Forming part of the Historic Royal Palaces Tudors on Tour event, the 360 degree interactive cinema experience explores the working kitchens, wine cellar and fine decorations of Hampton Court, inviting the audience to gather evidence of the King’s excessive spending for the treasury.
Created by specialist production company TX, using a SphereVision 360 degree recording and production system, the fifteen minute film was first debuted at Tatton Park in Cheshire, where nearly 4,000 children immersed themselves in the digital 360 degree pop up cinema from Igloo Vision on the first day alone. Tudors on Tour, including the SphereVision film, will return to the Tower of London from 23-26 July 2015.
“Working in 360 degrees allows us to create an environment that really interacts with the audience, in this case immersing them in Henry VIII’s extravagant Hampton Court,” said Tracey Manasseh, a specialist 360 producer working with SphereVision. “From the moment they step into the Palace’s courtyard until they outwit the King’s guards to make their escape, the audience is captivated and engaged by the 360 degree scene.”
The 360 degree representation of Hampton Court was filmed by TX using a SphereVision recording system in just three days on location at Hampton Court. The opening scenes feature a lone Tudor nobleman who conspiratorially invites the audience to collect evidence of Henry VIII’s excessive spending. The film transports watchers to the Palace’s kitchens where they turn meat on a spit and help a struggling kitchen hand identify exotic ingredients such as lemons, apricots and peppercorns, before whisking them into the King’s palatial wine cellars. Aimed at four-six-year-olds, the interactive experience continues with the audience learning how to bow, curtsy and even dance, before ending with the nobleman testing them on what evidence they have uncovered.

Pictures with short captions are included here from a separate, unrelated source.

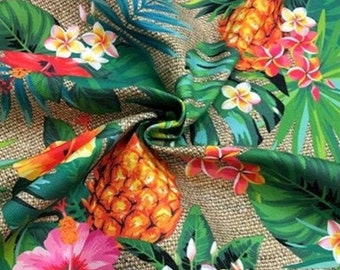 Tropische ananashibiscusstof, jute-look katoen-polymix, 56" breed, decor Luau, kleding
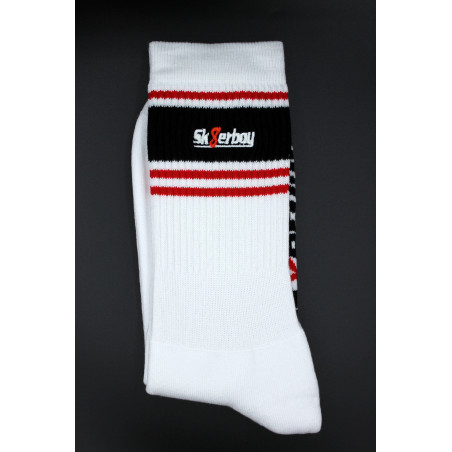 Chaussettes blanches Sk8erboy Deluxe Blanc-Rouge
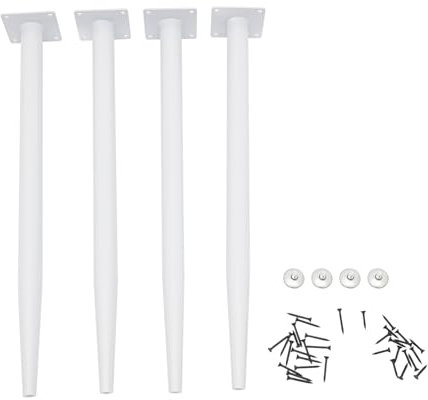 DeeDuud 4er Set Möbelbeine 55cm Haarnadel Tischbeine Höhenverstellbare Möbelfüße ideal für Schränke, Tische und DIY-Projekte (Weiß)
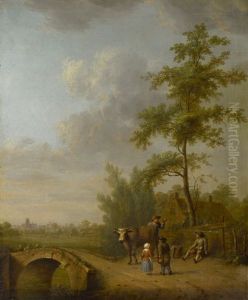 Bauern Am Wegesrand by Cornelis Vermeulen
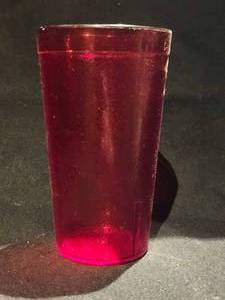 lot 48213 image: (34) Ruby Red Carlisle Acrylic Tumbler with Blue Storage Rack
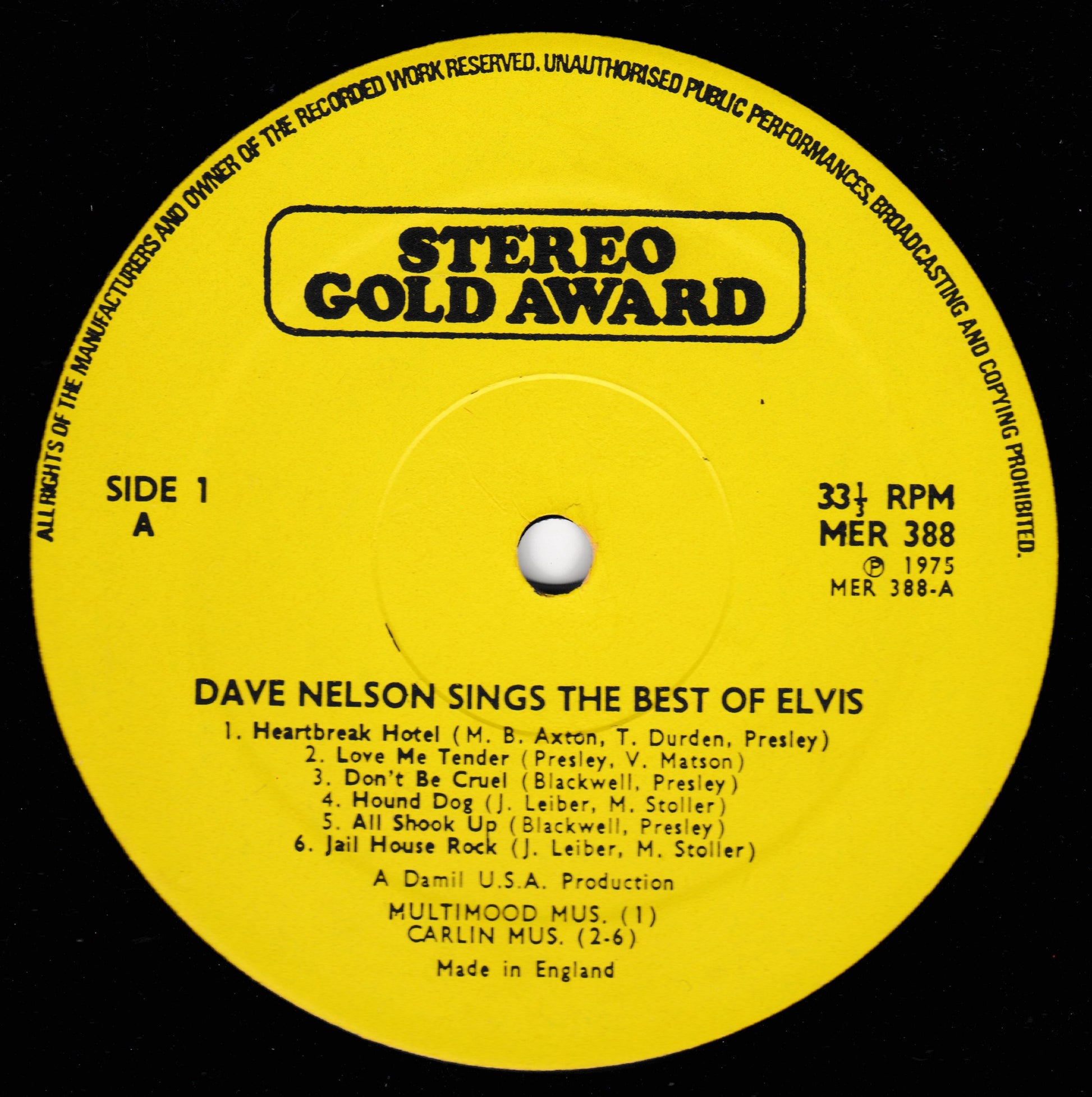 Yellow record label for 'Dave Nelson Sings the Best of Elvis' on a black background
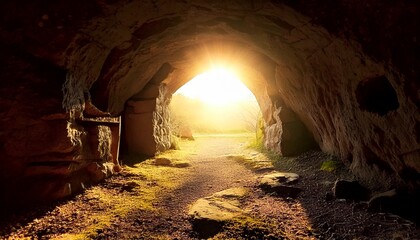 An ancient cave into which the rays of the sun peek. Easter concept. The atmosphere of hope for a new life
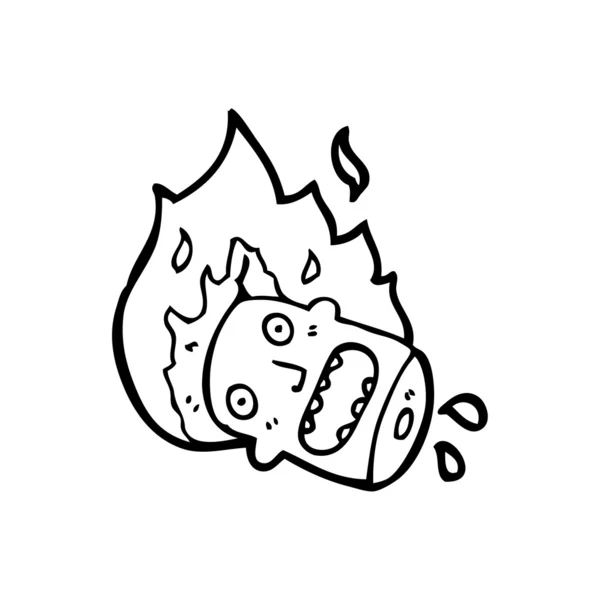 Desenhos animados cabeça ardente — Vetor de Stock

“The SphereVision 360 video recording, production and playback system is easy to use, from onsite filming to the end user sitting at his computer or, in this case, watching in a pop up cinema,” said Manasseh. “It has enormous potential for a range of applications beyond the tourism and heritage markets, including security, site management, risk assessment as well as health and safety management and training.”